▶ Collected material:
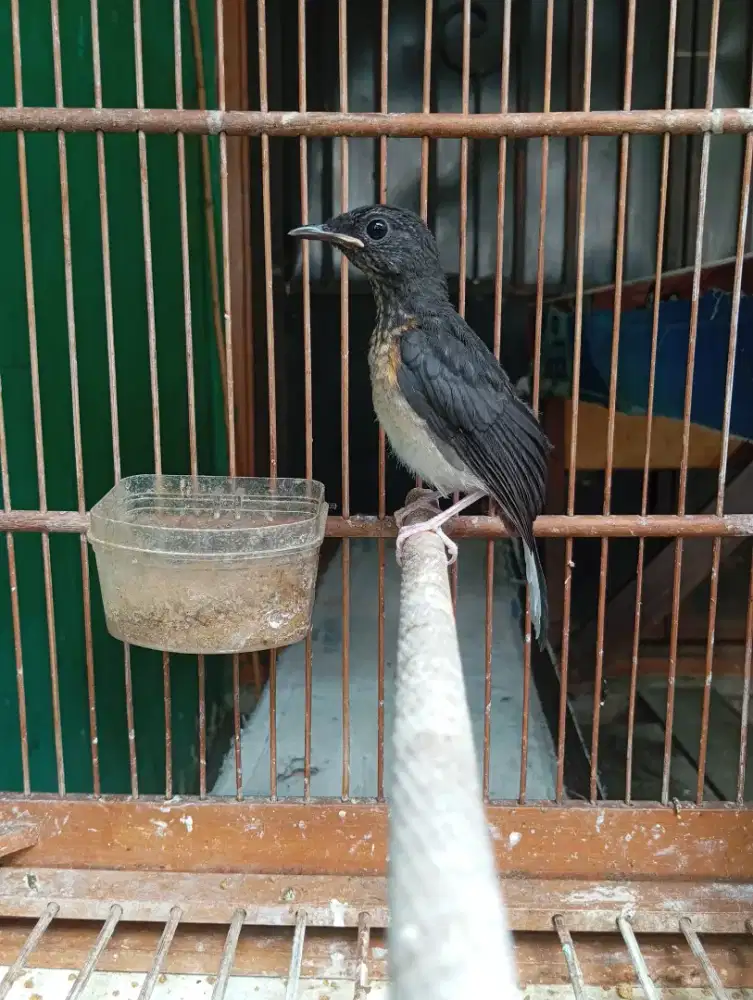 Murai Batu Medan Blorok Jantan Trah Panda Prestasi Ekor Panjang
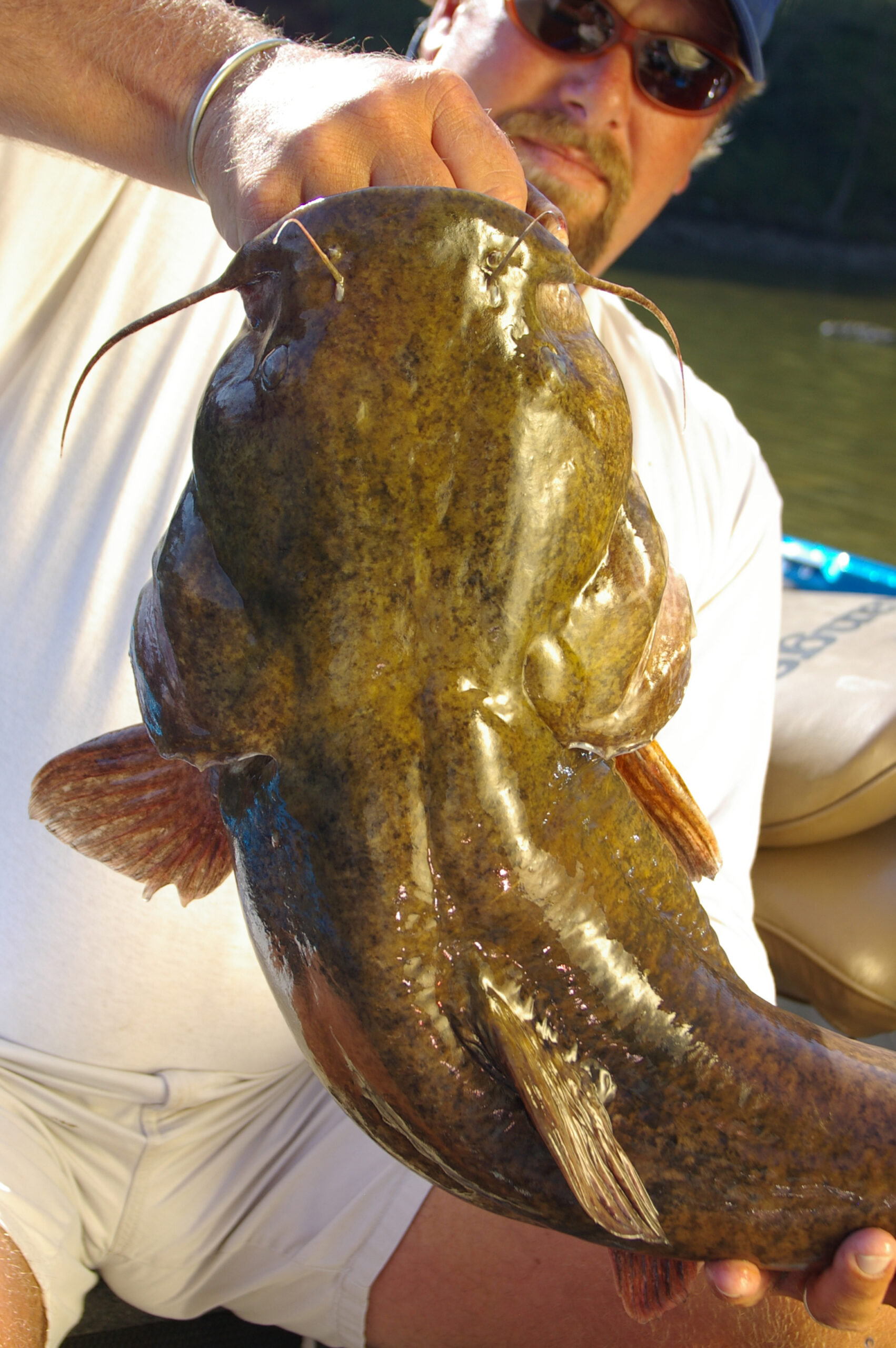 Flathead Catfish 030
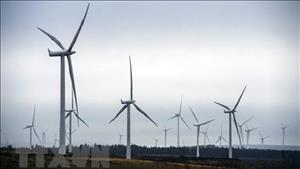 IEA: Công suất năng lượng tái tạo sẽ tăng gần gấp đôi trong 5 năm tới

▶ Exercise requirements: Please set down the lines above word for word and leave out the pictures.

▶ Response:
 Murai Batu Medan Blorok Jantan Trah Panda Prestasi Ekor Panjang
 Flathead Catfish 030
 IEA: Công suất năng lượng tái tạo sẽ tăng gần gấp đôi trong 5 năm tới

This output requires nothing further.